→ **Task to carry out**:
Using the listing below, print exactly everything from the line with "Lista de checks ( decoração /diy ) 👌🏻 - 1" down to the line with "NOVA FASE OVERCLAN: PF", both included, and nothing more.

→ **The data**:
== Segment start ==
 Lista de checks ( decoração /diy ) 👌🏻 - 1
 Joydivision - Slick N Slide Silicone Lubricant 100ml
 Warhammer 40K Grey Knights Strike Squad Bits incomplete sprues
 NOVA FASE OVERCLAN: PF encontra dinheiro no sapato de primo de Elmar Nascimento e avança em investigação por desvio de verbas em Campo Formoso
== Segment end ==
== Segment start ==
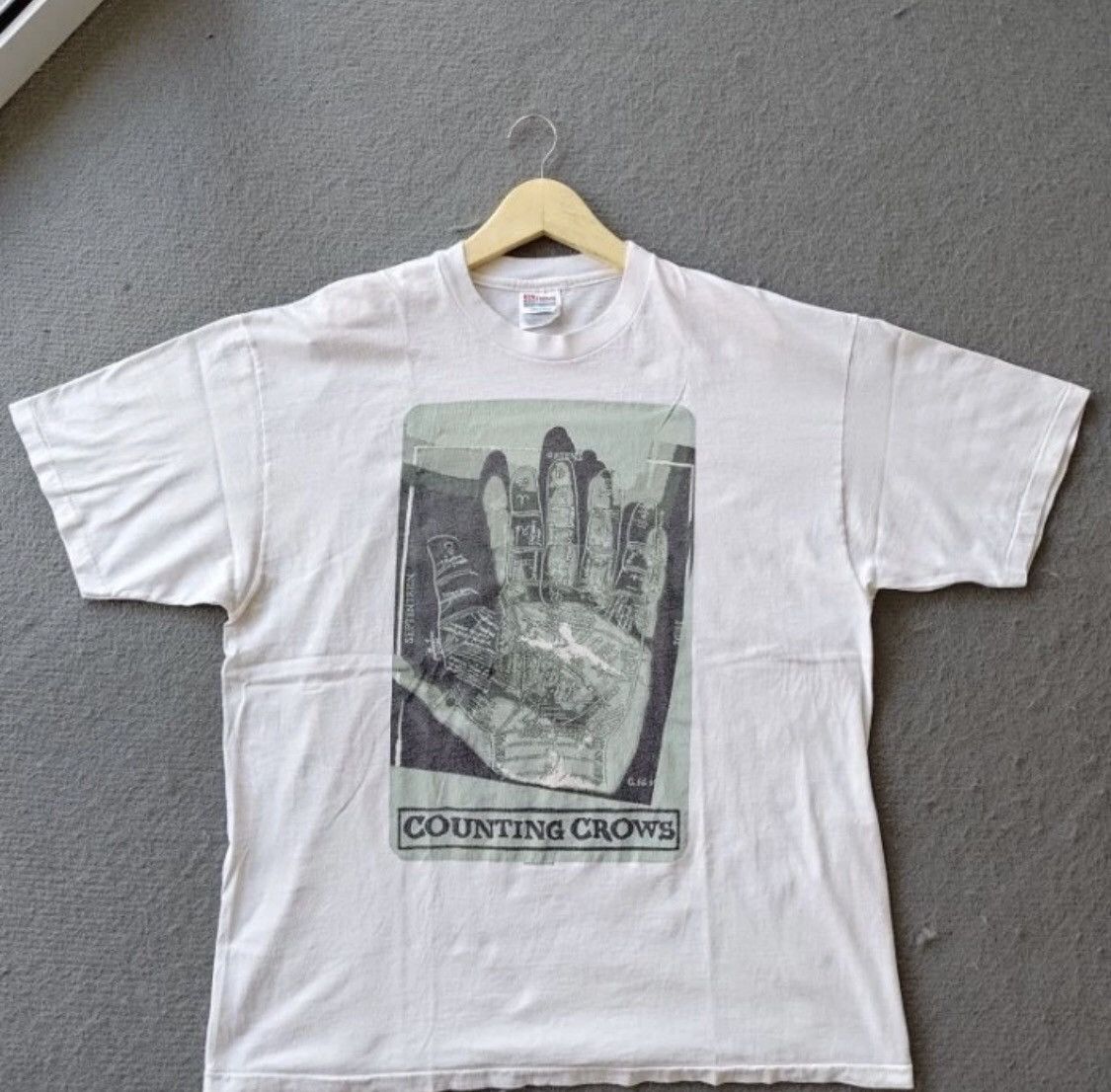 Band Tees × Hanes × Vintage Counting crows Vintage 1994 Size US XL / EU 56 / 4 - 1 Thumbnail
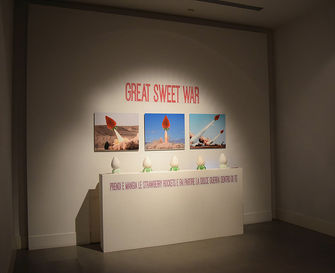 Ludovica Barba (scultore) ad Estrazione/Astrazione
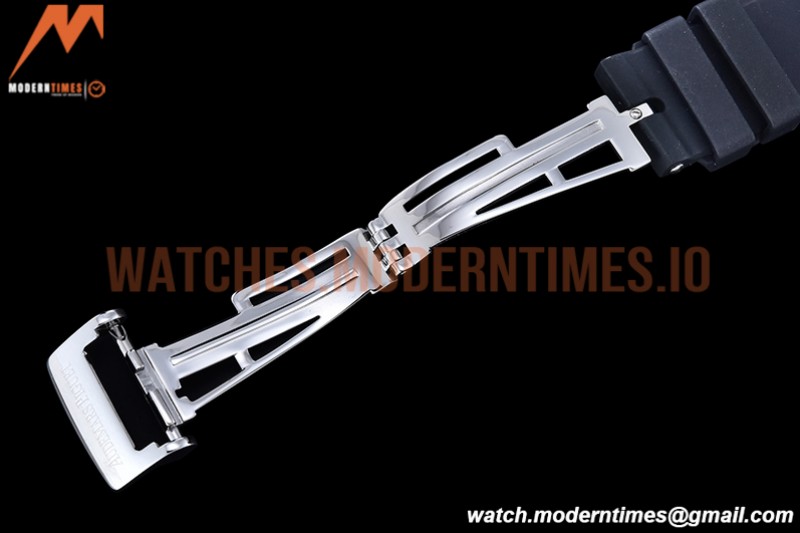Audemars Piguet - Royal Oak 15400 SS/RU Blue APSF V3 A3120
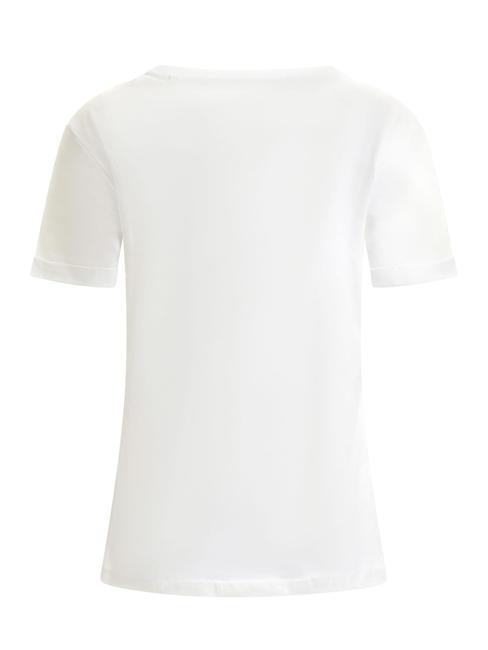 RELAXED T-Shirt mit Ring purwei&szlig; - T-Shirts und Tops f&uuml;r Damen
== Segment end ==
→ **Task answer**:
 Lista de checks ( decoração /diy ) 👌🏻 - 1
 Joydivision - Slick N Slide Silicone Lubricant 100ml
 Warhammer 40K Grey Knights Strike Squad Bits incomplete sprues
 NOVA FASE OVERCLAN: PF encontra dinheiro no sapato de primo de Elmar Nascimento e avança em investigação por desvio de verbas em Campo Formoso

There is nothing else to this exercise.